• TASK OBJECTIVE: Each line, starting at the one with "Andon color logo" and running to the end of the data below, is to be set down again exactly, both ends included; leave pictures out.

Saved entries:
★ ★ ★ ★

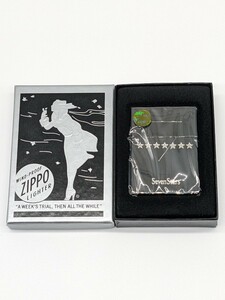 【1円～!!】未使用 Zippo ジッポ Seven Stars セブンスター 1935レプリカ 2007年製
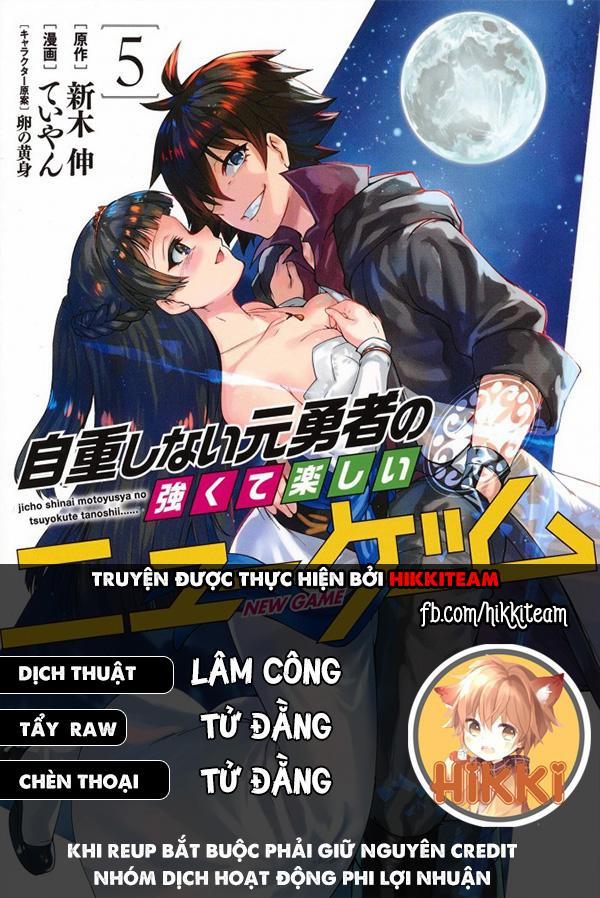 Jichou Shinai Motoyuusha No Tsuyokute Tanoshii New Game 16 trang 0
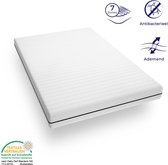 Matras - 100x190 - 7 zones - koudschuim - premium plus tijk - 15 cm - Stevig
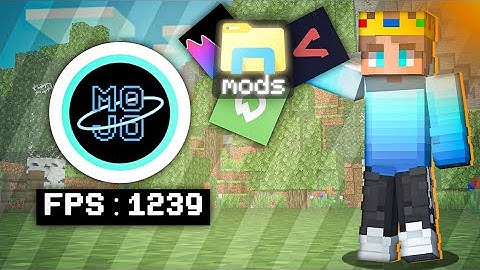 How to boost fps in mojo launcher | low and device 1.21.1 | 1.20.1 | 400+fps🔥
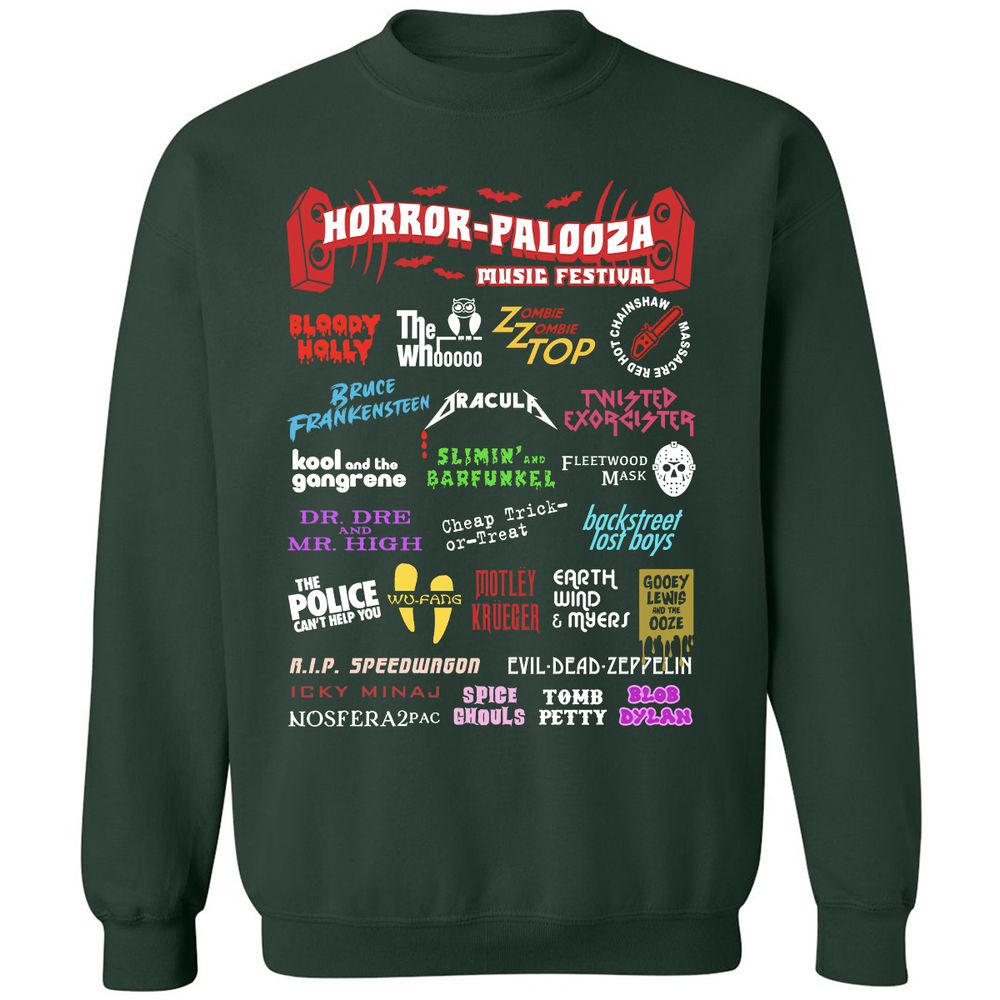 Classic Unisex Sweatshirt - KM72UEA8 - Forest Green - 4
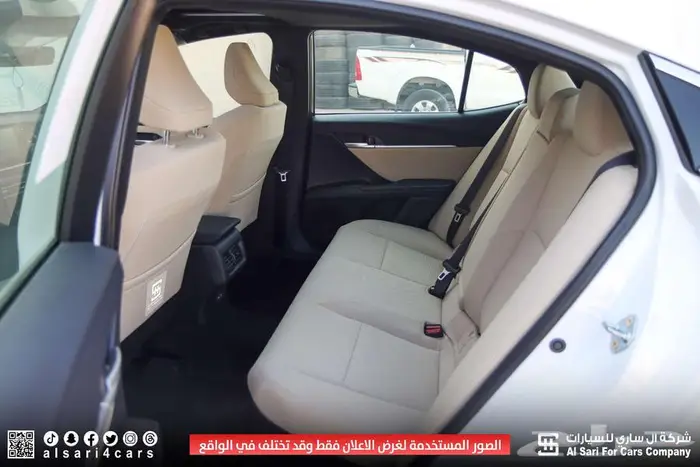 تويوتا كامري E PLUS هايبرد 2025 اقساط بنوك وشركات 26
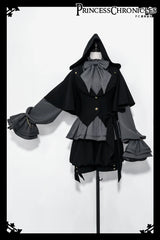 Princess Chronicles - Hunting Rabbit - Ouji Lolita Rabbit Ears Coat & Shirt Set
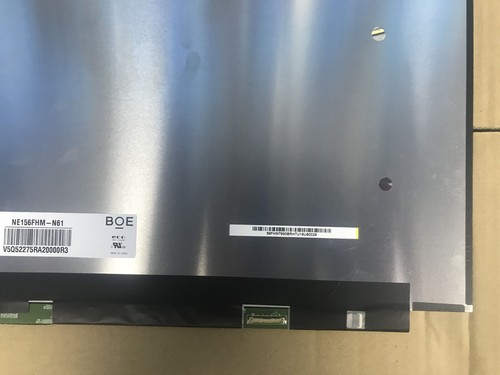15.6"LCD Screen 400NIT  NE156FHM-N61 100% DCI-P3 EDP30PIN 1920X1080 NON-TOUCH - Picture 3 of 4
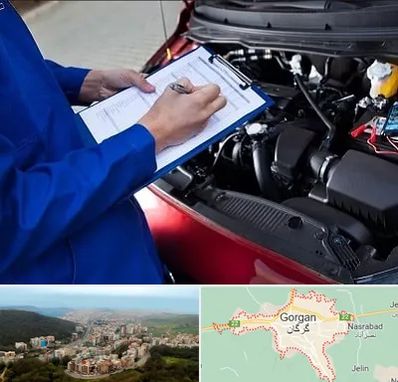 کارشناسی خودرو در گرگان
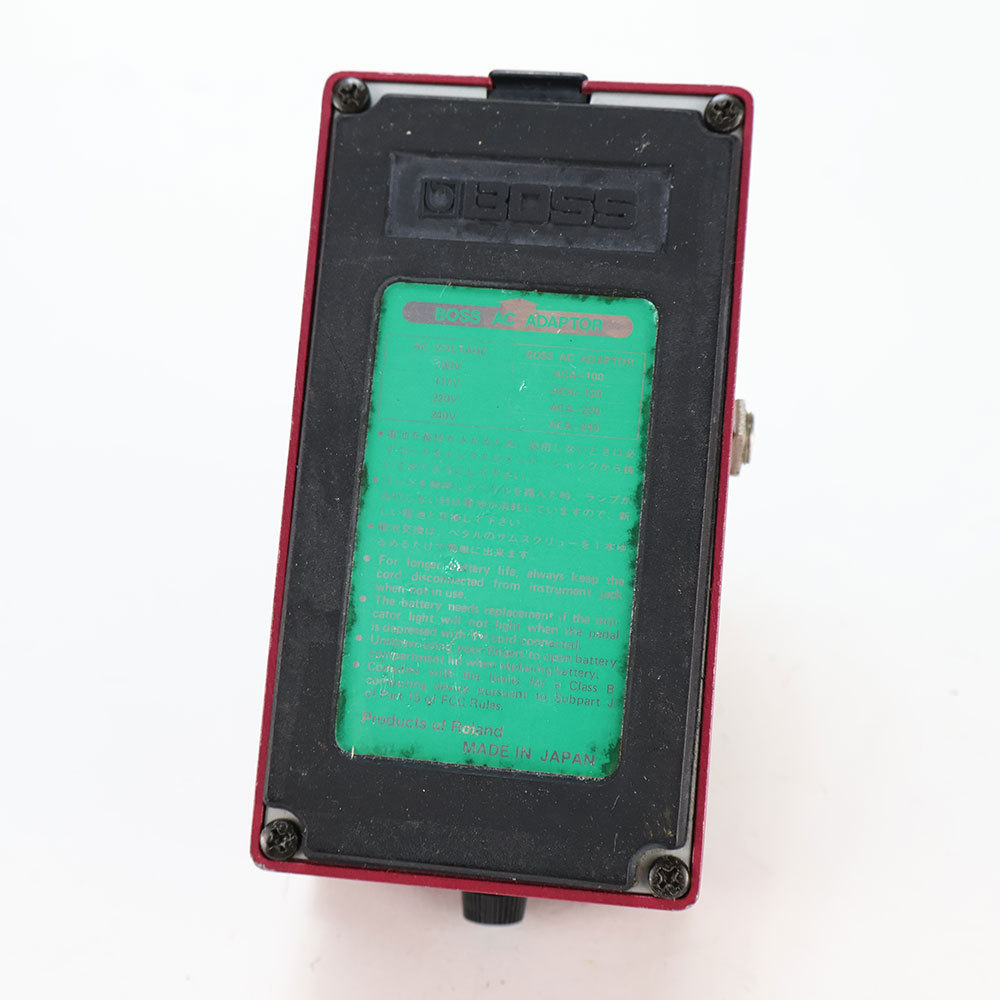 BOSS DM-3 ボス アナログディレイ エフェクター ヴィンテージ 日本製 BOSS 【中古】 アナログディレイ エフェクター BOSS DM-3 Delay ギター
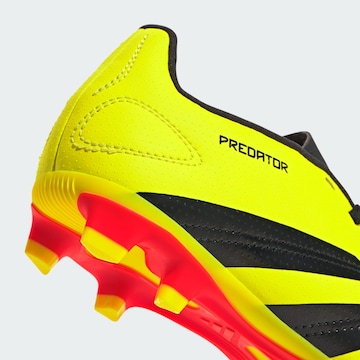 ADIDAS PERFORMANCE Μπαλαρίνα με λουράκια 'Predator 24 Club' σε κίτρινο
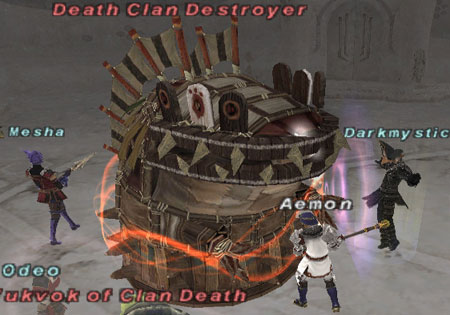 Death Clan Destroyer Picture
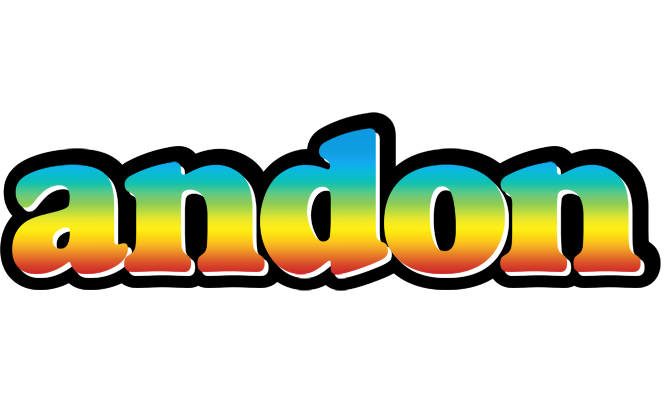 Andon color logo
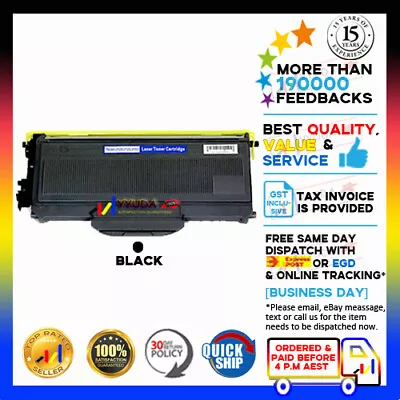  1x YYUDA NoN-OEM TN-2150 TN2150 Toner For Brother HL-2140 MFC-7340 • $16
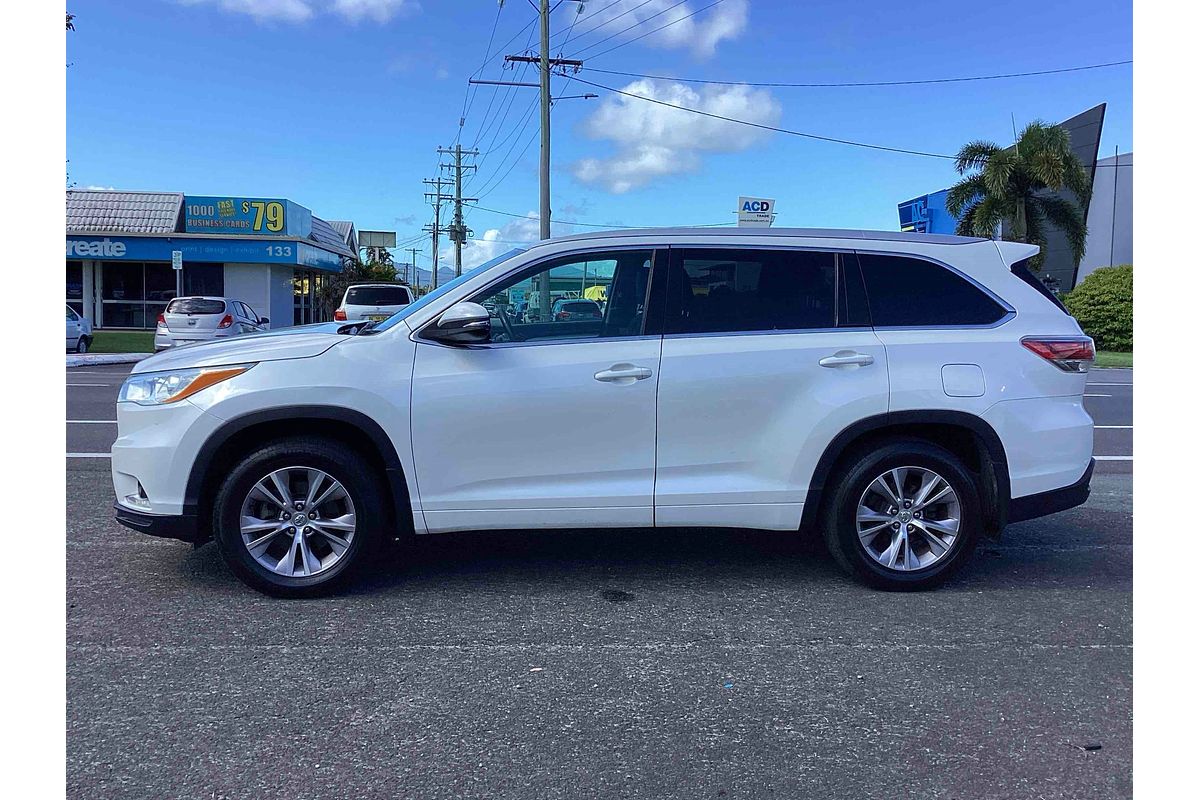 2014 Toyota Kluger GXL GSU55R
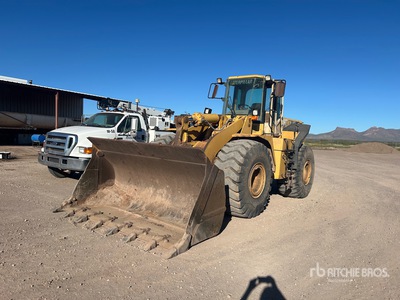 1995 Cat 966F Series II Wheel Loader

★ ★ ★ ★

• TASK OUTPUT:
 Andon color logo
  1x YYUDA NoN-OEM TN-2150 TN2150 Toner For Brother HL-2140 MFC-7340 • $16
 2014 Toyota Kluger GXL GSU55R
 1995 Cat 966F Series II Wheel Loader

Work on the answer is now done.